- VCD cover
- Directed by: S. Narayan
- Written by: Ajay Kumar
- Produced by: Bhagyavathi
- Starring: Ramkumar Shruti Charan Raj Doddanna
- Cinematography: R. Giri
- Edited by: P. R. Soundar Raj
- Music by: Rajesh Ramanath
- Production company: Shanthala Pictures
- Release date: 29 March 1996;
- Running time: 163 minutes
- Country: India
- Language: Kannada

= Thavarina Thottilu =

Thavarina Thottilu is a 1996 Indian Kannada-language drama film directed by S. Narayan and written by Ajay Kumar. The film cast includes Ramkumar, Charan Raj and Shruti.
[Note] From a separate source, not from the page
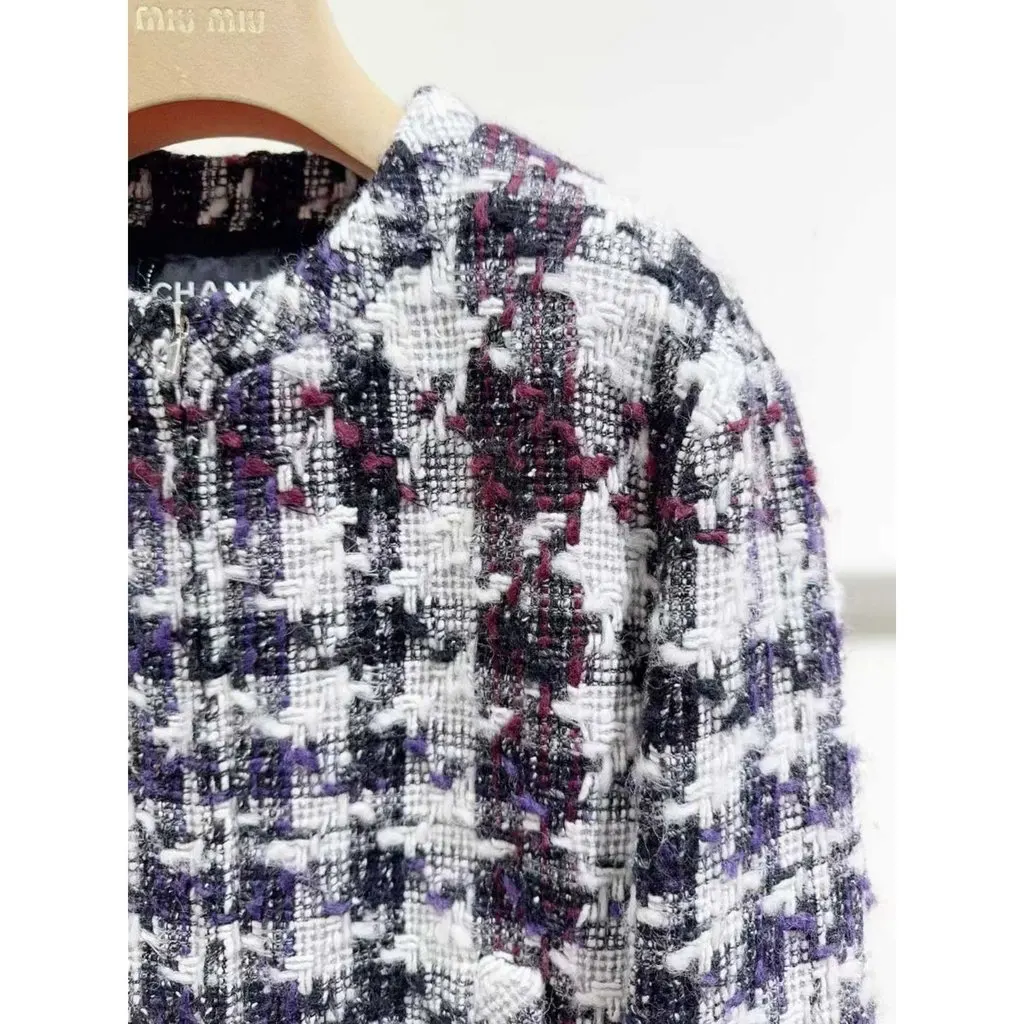Chanel La Petite Veste Noire Wool Jacket MultiColor Wool Very good - Model View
The film was produced by Narayan's home production while the original score and soundtrack were composed by Rajesh Ramanath. The film was remade in Tamil as Annan Thangachi directed by actor Charanraj who reprised his role along with Shruti.

==Cast==
- Ramkumar as Bhaskara
- Shruti as Saraswathi
- Charan Raj as Bettappa
- Kavana as Yashoda
- Srinivasa Murthy as Bettappa and Saraswathi's father
- Padma Vasanthi as Bettappa and Saraswathi's mother
- Doddanna as Thimmayya, Bhaskara's father
- B. Jayamma as Parvathi, Bhaskara's mother
- Ashalatha as Yashoda's mother
- Rajanand as Javarappa
- Dr Suresh Sharma as Pachchalingayya aka Pachchai
- Gowtham
- Baby Mamasa
- Baby Pooja
- Ma Rakesh
- Ma Ankith

== Production ==
The film was shot in Karighatta.

==Soundtrack==
The music of the film was composed by Rajesh Ramanath and lyrics written by S. Narayan.

| No. | Title | Lyrics | Singer(s) | Length |
|---|---|---|---|---|
| 1. | "O Kusumave" | S. Narayan | Rajesh Krishnan, K. S. Chithra |  |
| 2. | "Arishina Kuttiravva" | S. Narayan | S. P. Balasubrahmanyam, Gururaj Hoskote |  |
| 3. | "Malenadina Minchina Balli" | S. Narayan | S. P. Balasubrahmanyam, K. S. Chithra |  |
| 4. | "O Bombeye Dalimbeye" | S. Narayan | S. P. Balasubrahmanyam, K. S. Chithra |  |
| 5. | "Brahma Bareda Haaleyalli" | S. Narayan | S. P. Balasubrahmanyam |  |
| 6. | "Baaradu Barabaaradu" | S. Narayan | Gururaj Hoskote |  |

== Reception ==
The film ran for a hundred days and Dr. Rajkumar felicitated the event. South First listed this film amongst the five best films of Shruti.